* Exercise *
Could you restate the whole listing below word for word, minus the pictures?

::: Data segment :::

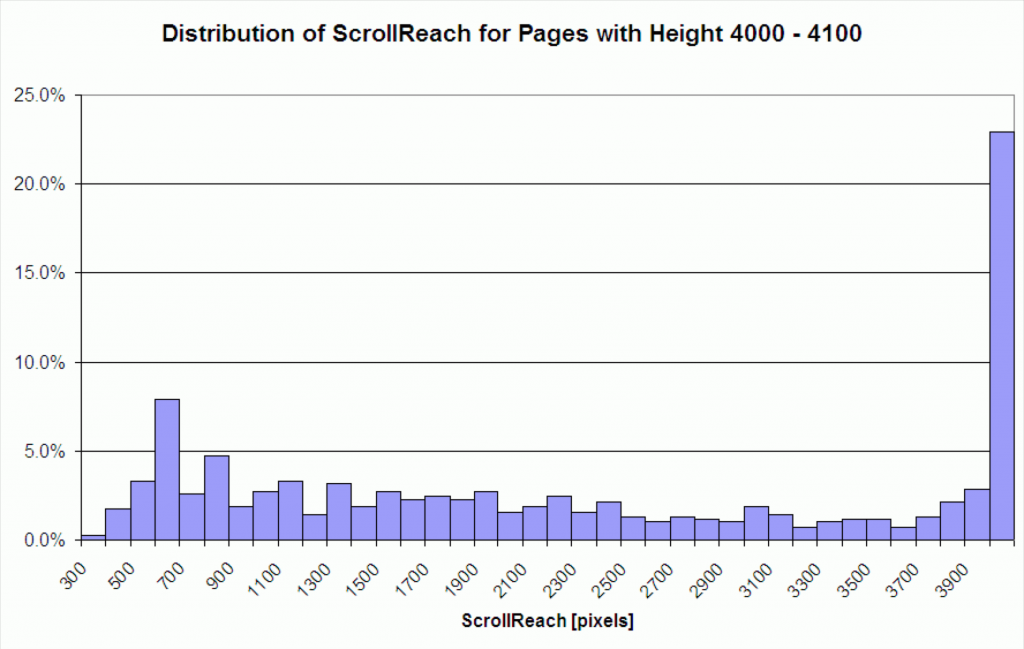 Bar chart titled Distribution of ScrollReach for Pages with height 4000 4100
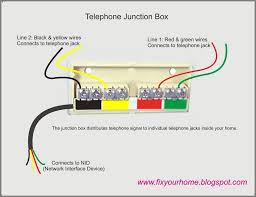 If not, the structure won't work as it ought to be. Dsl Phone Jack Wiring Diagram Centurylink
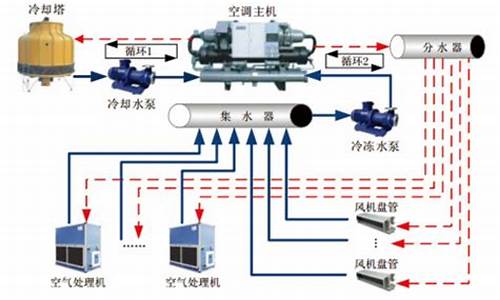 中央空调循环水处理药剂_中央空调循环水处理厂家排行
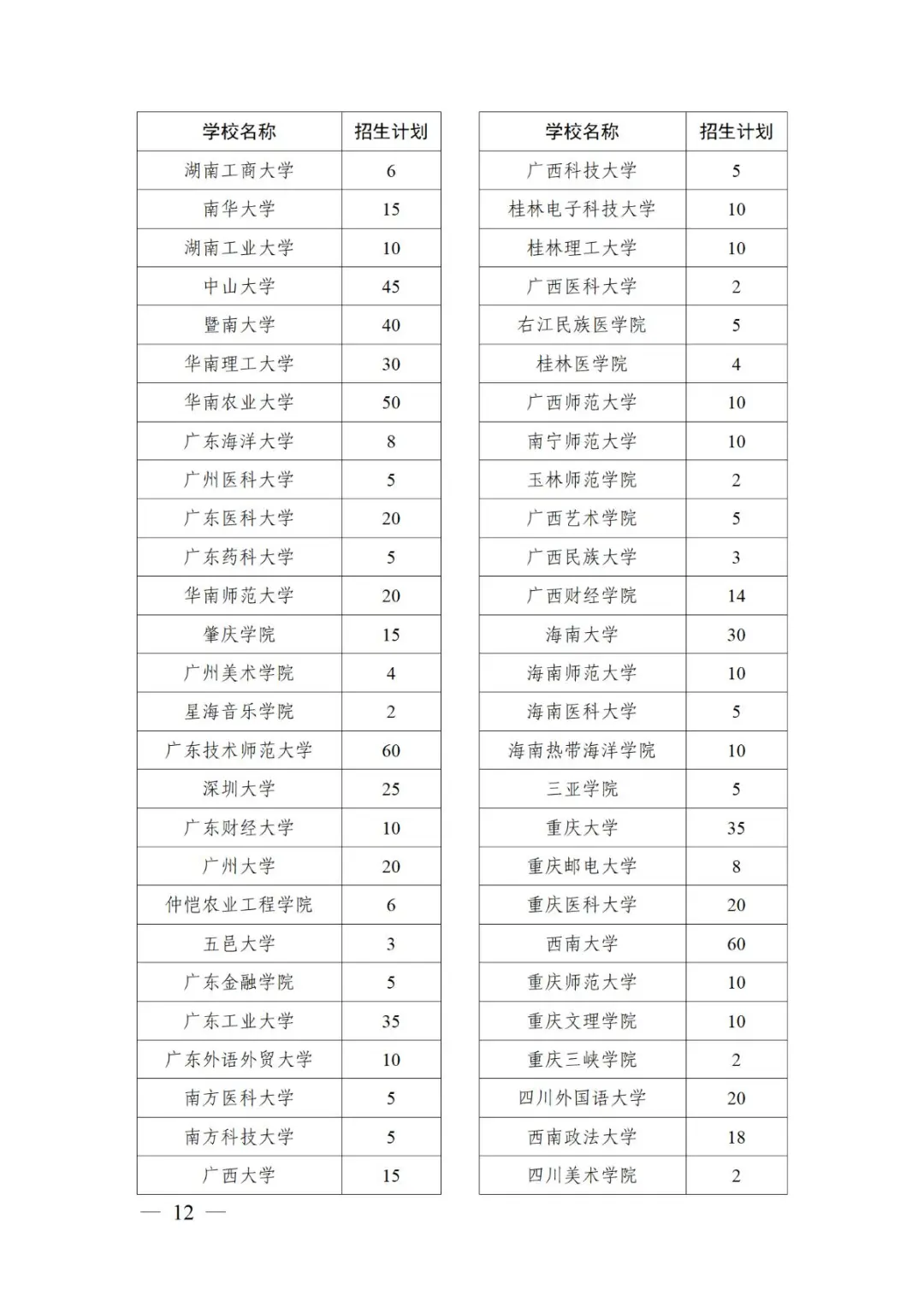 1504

:::

* Answer below *
 Bar chart titled Distribution of ScrollReach for Pages with height 4000 4100
 If not, the structure won't work as it ought to be. Dsl Phone Jack Wiring Diagram Centurylink
 中央空调循环水处理药剂_中央空调循环水处理厂家排行
 1504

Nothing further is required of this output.